Caracterização e classificação de sinais de voz por combinação de vogais sustentadas: um estudo baseado na transformada wavelet haar

Detalhes bibliográficos
Ano de defesa: 2021
Autor(a) principal: Oliveira, Brígida Farias Cardoso
Orientador(a): Não Informado pela instituição
Banca de defesa: Não Informado pela instituição
Tipo de documento: Dissertação
Tipo de acesso: Acesso aberto
Idioma: por
Instituição de defesa: Não Informado pela instituição
Programa de Pós-Graduação: Não Informado pela instituição
Departamento: Não Informado pela instituição
País: Não Informado pela instituição
Palavras-chave em Português:
Link de acesso: http://www.repositorio.ufc.br/handle/riufc/59968
Resumo: This work investigates the use of single and combined sustained vowels in the characterization of normal and abnormal voice signals based on the Haar wavelet decomposition coefficients, considering signals from the biological genders male and female and a combination of both. We also perform the Kruskal-Wallis statistical test, in order to analyze the pairs of variables composed of the vowels (single or combined) and the wavelet decomposition levels. The output of this statistical test allows identifying which level reaches (leads to) the best classification accuracy. We selected the lowest level of decomposition because it is associated with the lowest computational cost. Although recent studies have shown that single sustained vowels allow accurate voice characterization, the literature lacks evidence on using the combination of them. The proposed methodology for characterizing and classifying normal and abnormal voices considers the energy calculation of details and approximation coefficients obtained from the decomposition of the Haar wavelet transform. We use the /a/, /i/, and /u/ single vowels and the combination to identify the scenario that results in the best classification of the voice signals. We conducted experiments on two public datasets, one from Portugal named Advanced Voice Function Assessment Database (AVFAD) and another one from Germany named Saarbrücken Voice Database (SVD).
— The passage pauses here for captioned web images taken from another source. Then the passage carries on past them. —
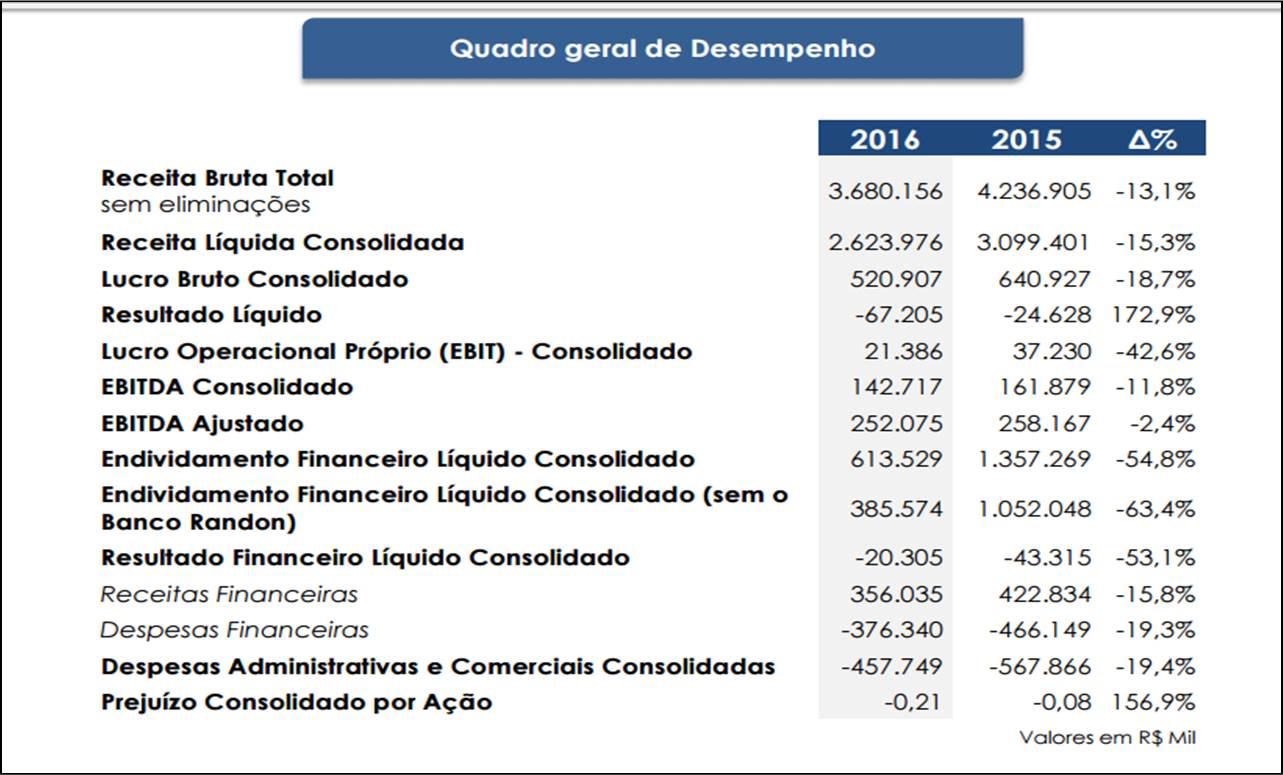 Randon anuncia resultados de 2016.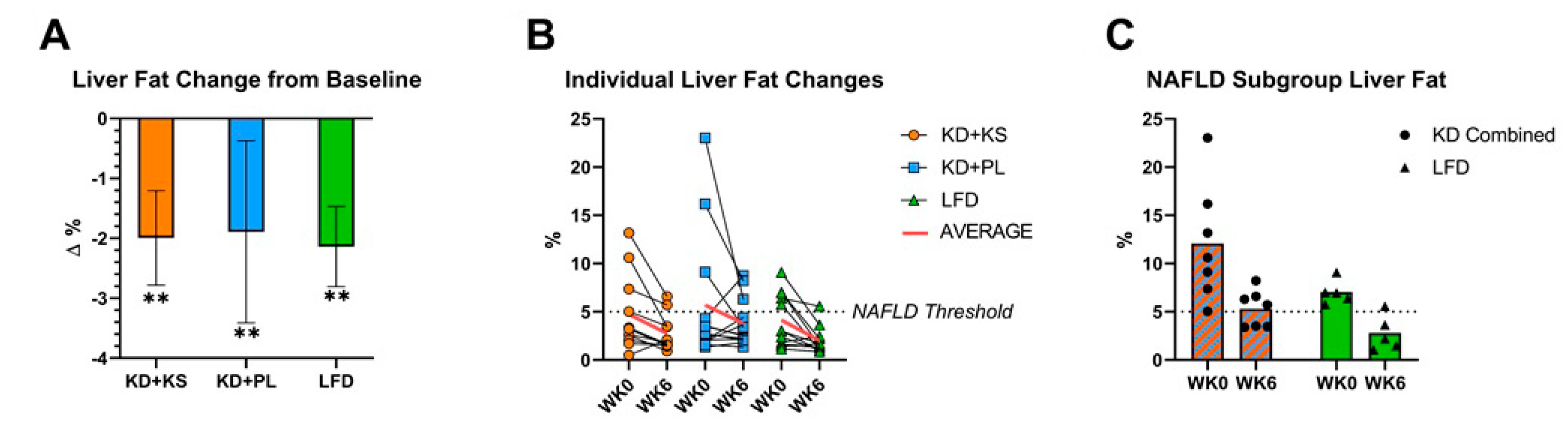 Nutrients 13 00966 g001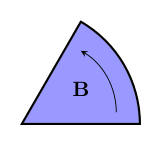 basic bivector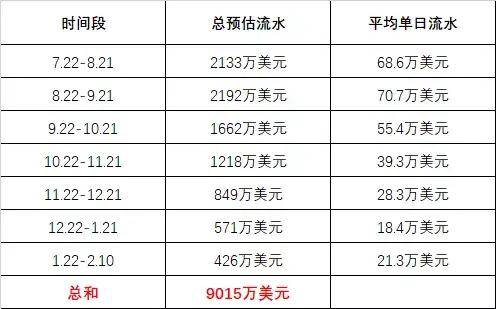游戏钱单位,构建策略与战斗的艺术(图1) 游戏钱单位,构建策略与战斗的艺术(图1)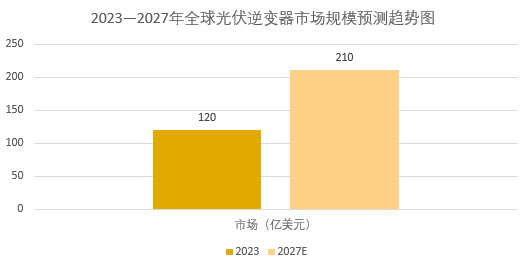 2025年光伏逆變器市場(chǎng)規(guī)模分析：全球光伏逆變器市場(chǎng)將突破210億美元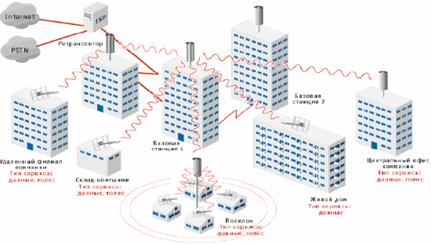 Принципы построения сети WiMAX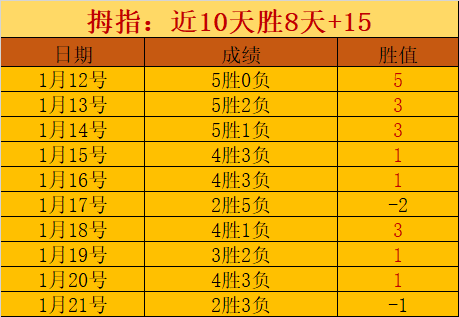 大乐透期号,专家推荐,阿甲近,亚博体育app下载,亚博体育官网,亚博体育官方网站,亚博体育平台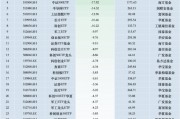 最不受欢迎ETF：上周华夏科创50ETF遭净赎回64.54亿元，易方达创业板ETF遭净赎回40.05亿元（名单）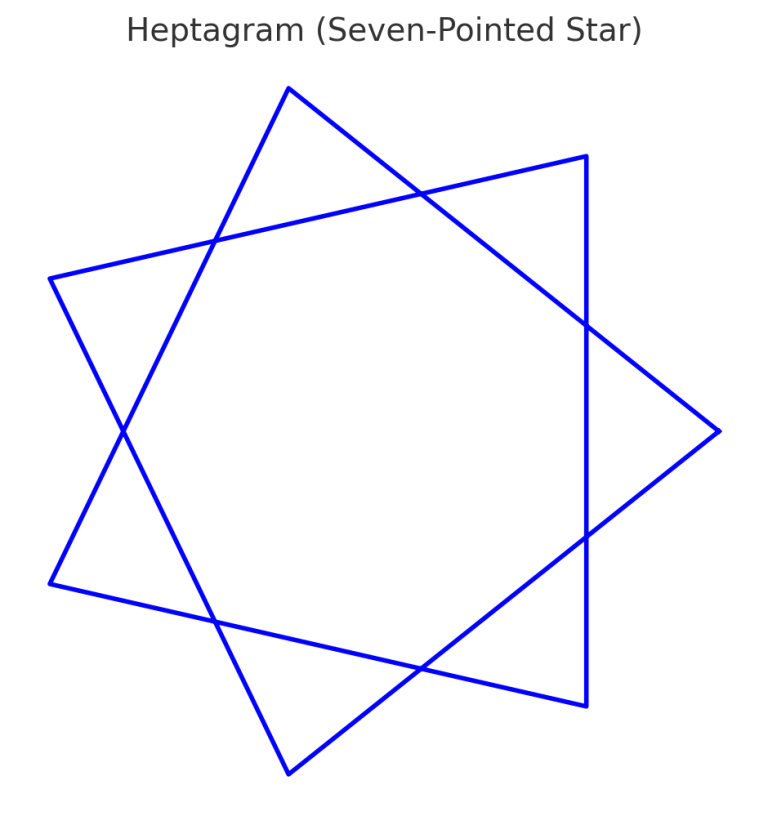 Seven Rayed Heptagram The Beauty of Heptagram Sacred Geometry - Sacred Geo Patterns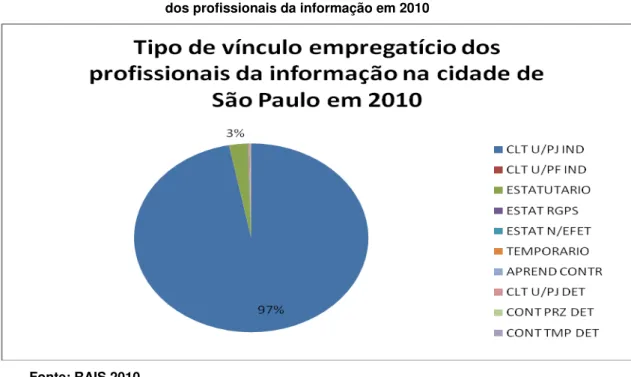 Gráfico 3  –  Quantidade de Tipo de vínculo empregatício   dos profissionais da informação em 2010 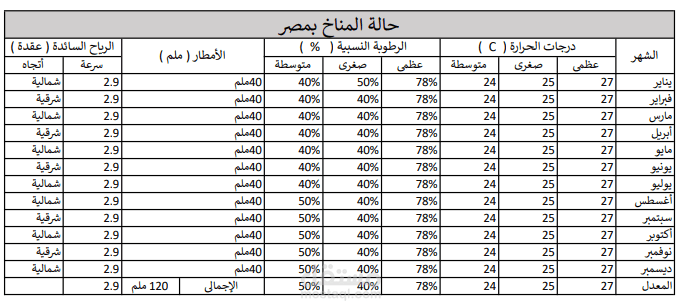 مشروع الطقس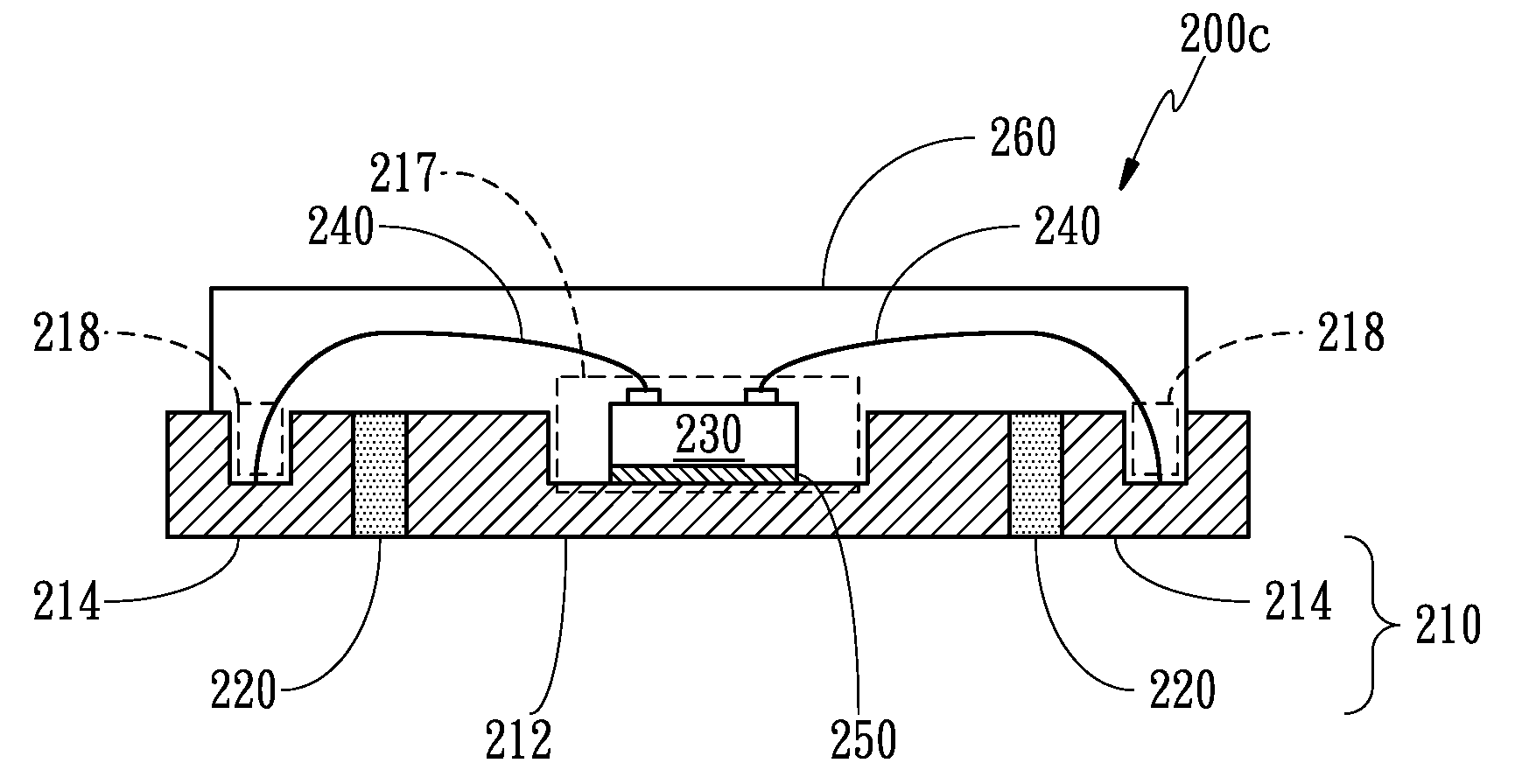 Package structure of integrated circuit device and manufacturing method thereof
We analyzed the wavelet decomposition levels in the range of 4 to 18 in different scenarios: voices of female and male speakers and both genders. Our results revealed that the wavelet coefficients extracted from the combination of vowels improved the signal description and identified subtle features of pathological voices. We also showed that the Haar wavelet-based features extracted from combined vowels achieved accurate voice classification with fewer decomposition levels. This approach enabled accuracy improvements of at least 2,61% e 15,61% for AVFAD and SVD datasets, respectively, regardless of the biological gender.